AC for nonempty indexed families $(B_x )_{x \in A}$ is represented by $$ \forall x \in A:B_x \neq \varnothing \Rightarrow \exists f \in A \to \cup_{x \in A}B_x:\forall x \in A: f(x) \in B_x $$ where $X \to Y$ denote the set of all functions from $X$ to $Y$.
For example, for sets $X$ and $Y$, and a predicate $P$, the statement $$ \forall x \in X: \exists y \in Y: P(x,y) \Rightarrow \exists f \in X \to Y: \forall x \in X: P(x,f(x)) $$ is a direct consequence of AC as we can define $B_x = \{y \in Y|P(x,y)\}$. My question is, does the statement really need AC in ZF?

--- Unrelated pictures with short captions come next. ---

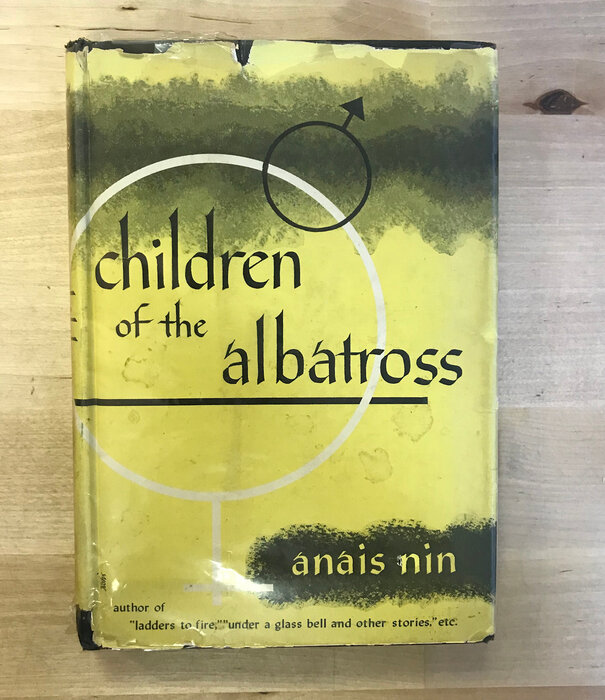 Anais Nin - Children Of The Albatross (FIRST EDITION) - Hardback (USED)
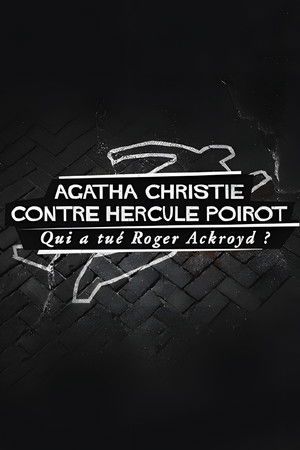 Agatha Christie contre Hercule Poirot : Qui a tué Roger Ackroyd ? (2017)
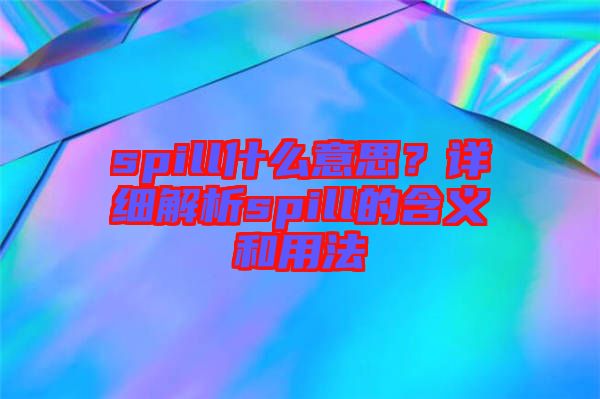 spill什么意思？詳細(xì)解析spill的含義和用法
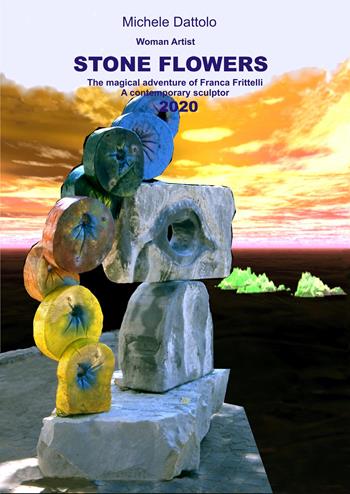 Woman artist. Stone flowers. The magical adventure of Franca Frittelli a contemporary sculptor 2020 - Michele Dattolo - Libro Youcanprint 2020 | Libraccio.it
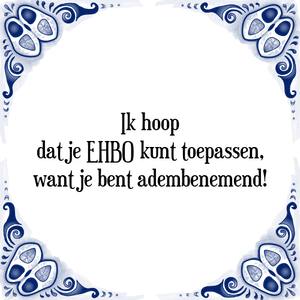 Spreuk Ik hoop
dat je EHBO kunt toepassen,
want je bent adembenemend!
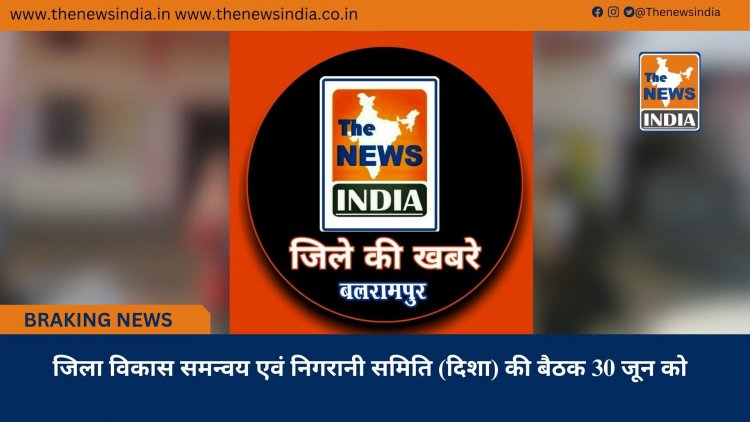 जिला विकास समन्वय एवं निगरानी समिति (दिशा) की बैठक 30 जून को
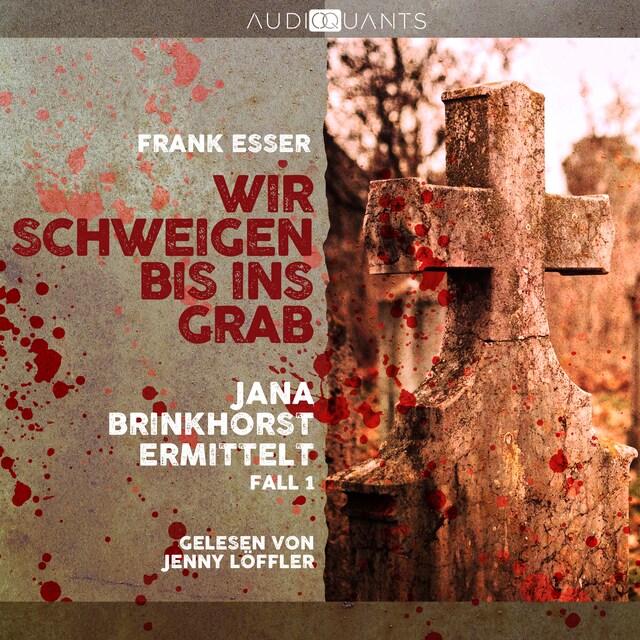 Book cover for Wir schweigen bis ins Grab - Jana Brinkhorst ermittelt, Fall 1 (Ungekürzt)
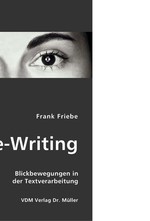 Eye-Writing. Blickbewegungen in der Textverarbeitung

Yes, AC is necessary for your statement because you can also prove AC from your statement in ZF:
To see this, assume your statement $$ \forall x \in X: \exists y \in Y: P(x,y) \Rightarrow \exists f \in X \to Y: \forall x \in X: P(x,f(x)) \quad \cdots (\star) $$
Next, assume the hypotheses of AC. That is, let $(B_x)_{x \in A}$ be an indexed family and suppose for all $x \in A$, we have $B_x \neq \varnothing$. So let $x \in A$. Since $B_x \neq \varnothing$ and $B_x \subseteq \bigcup_{x \in A} B_x$, the condition $\exists y \in \bigcup_{x \in A} B_x : y \in B_x$ is satisfied. Hence, by setting
- $X := A$
- $Y := \bigcup_{x \in A} B_x$
- $P(x, y) := y \in B_x$
In your statement $(\star)$, we get the conclusion that there exists some $f \in X \to Y$ i.e. $f \in A \to \bigcup_{x \in A} B_x$ such that for all $x \in X$ i.e. $x \in A$, we have $P(x, f(x))$ i.e. $f(x) \in B_x$.
This is exactly the conclusion you need for AC.